What is being asked | As soon as the line containing "Alright people, welcome" appears, start repeating lines exactly and continue to the end of the entries; please skip pictures.

Input data |

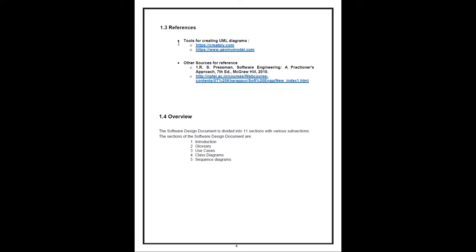Another important section is the scope of the project. This software system will be a virtual game based learning system intended for students wanting to learn different sorting algorithms. The system will help students learn while playing using a touch-based mobile interface. A teacher can also use this application as a supplementary tool for teaching sorting algorithms. References can optionally be mentioned — tools used for creating diagrams and other sources. There can also be an overview: the document is divided into 11 sections with major sections being introduction, glossary, use cases, class diagrams, and sequence diagrams.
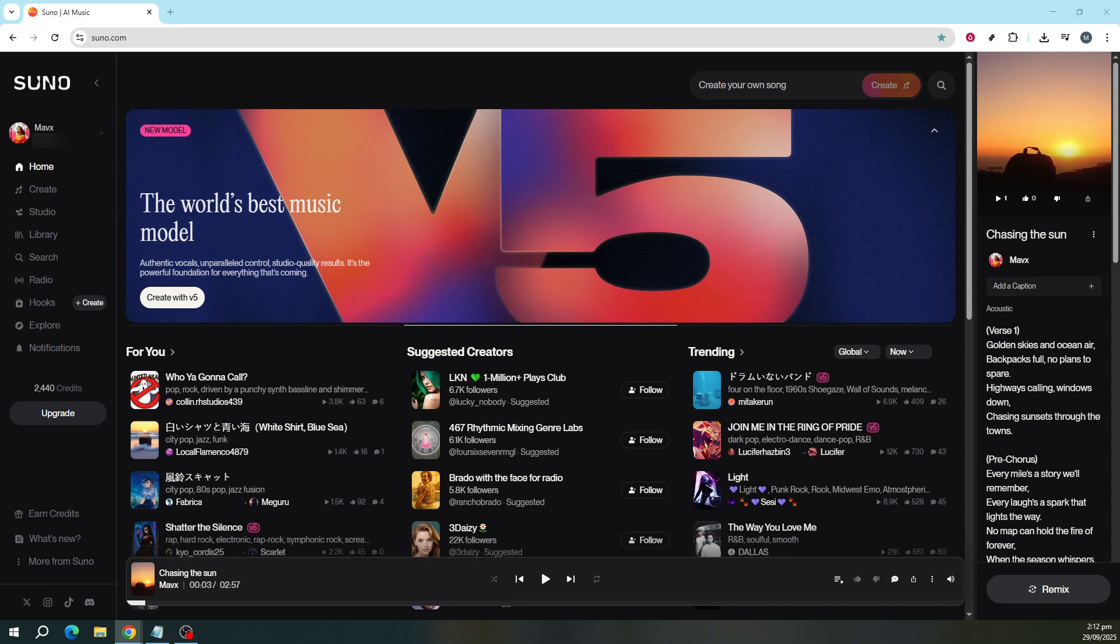And today, we're going to take advantage of one of its features by transforming the genre of your chosen track.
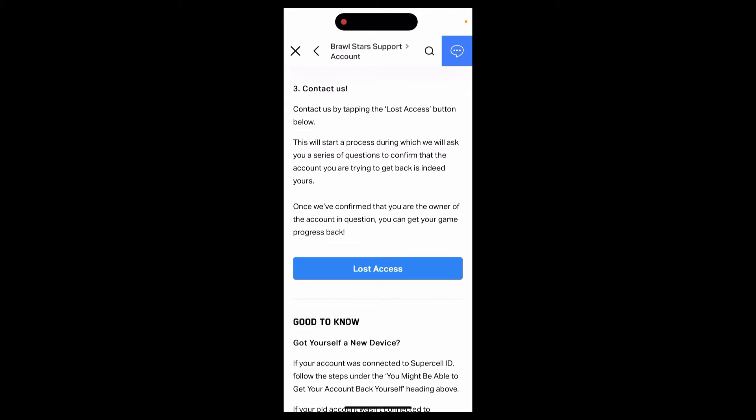Answer those questions and then you'll have your Brawl Stars account recovered and you'll have it back with you. So this is how you can recover your Brawl Stars account.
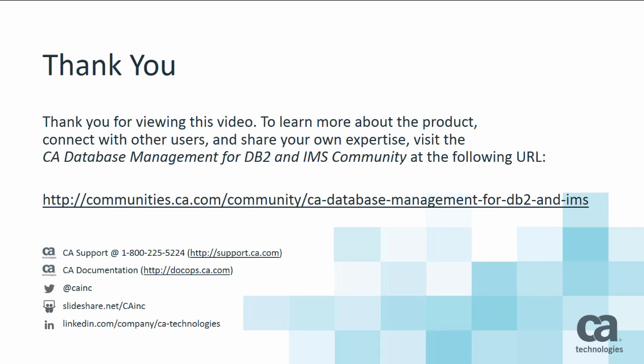Thank you for viewing this video. To learn more about the product, connect with other users, and share your own expertise, visit the CA Database Management for DB2 and IMS community at the URL shown.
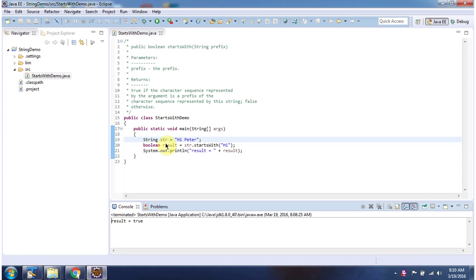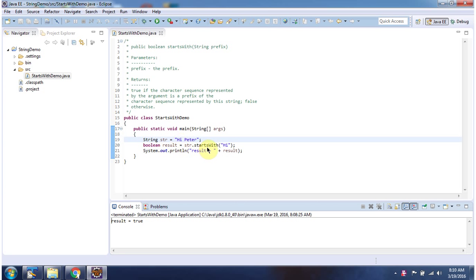Here I have declared the string 'Hi Peter'. Then I am calling the startsWith method of string and I am passing the prefix 'Hi'. This method will check whether the prefix 'Hi' is present in this string or not. It is present, so this method will return true.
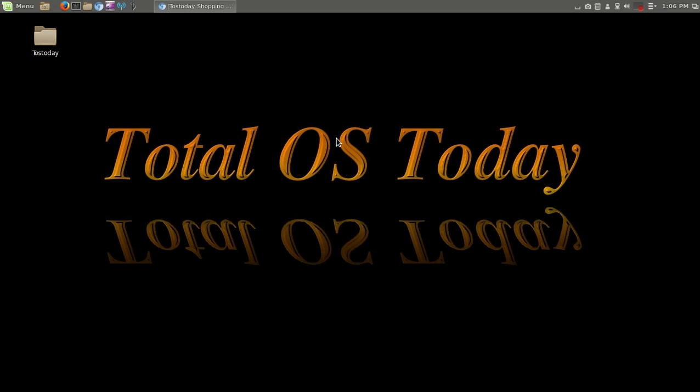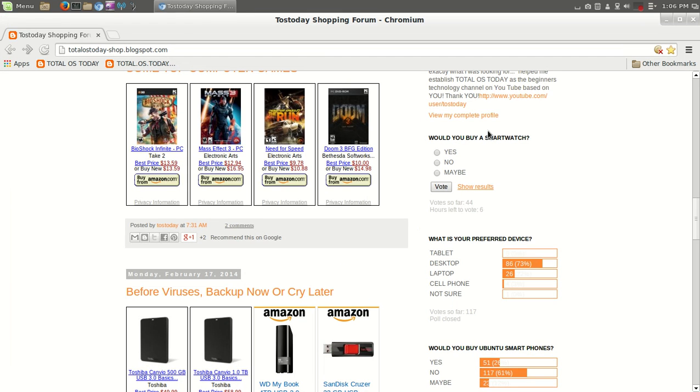Alright people, welcome back. Well, the last poll has been completed and that poll was would you buy a smartwatch?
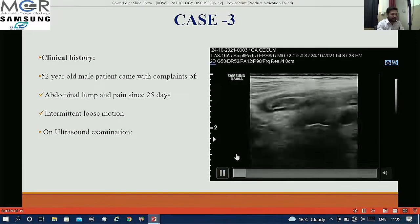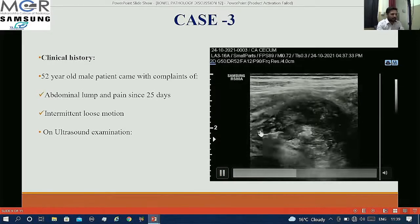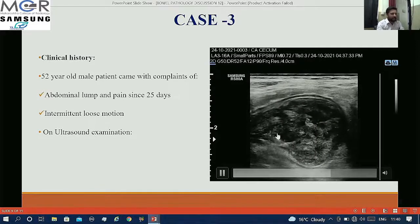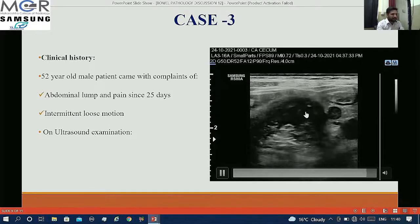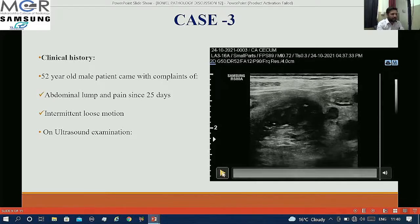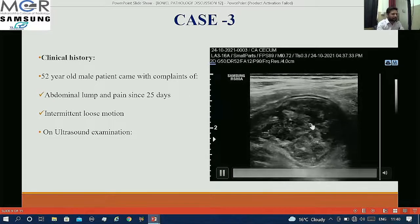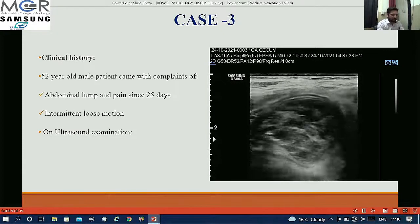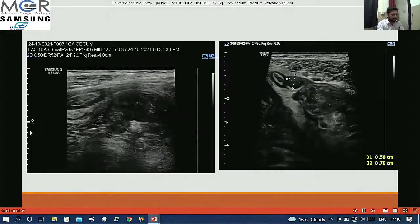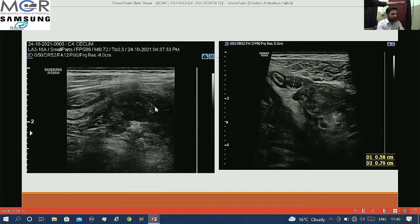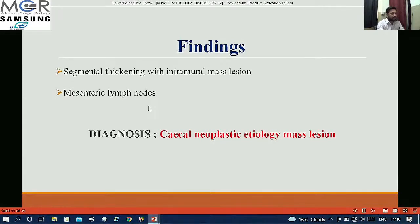We can see here the appendix. In the cecum we can clearly see there is intramural thickening with a hypoechoic mass lesion within. The patient was also having few lymph nodes. So my findings were segmental thickening with intramural mass lesion with mesenteric lymph nodes, and my diagnosis was cecal neoplastic etiology — a mass lesion.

Task response |
Alright people, welcome back. Well, the last poll has been completed and that poll was would you buy a smartwatch?
We can see here the appendix. In the cecum we can clearly see there is intramural thickening with a hypoechoic mass lesion within. The patient was also having few lymph nodes. So my findings were segmental thickening with intramural mass lesion with mesenteric lymph nodes, and my diagnosis was cecal neoplastic etiology — a mass lesion.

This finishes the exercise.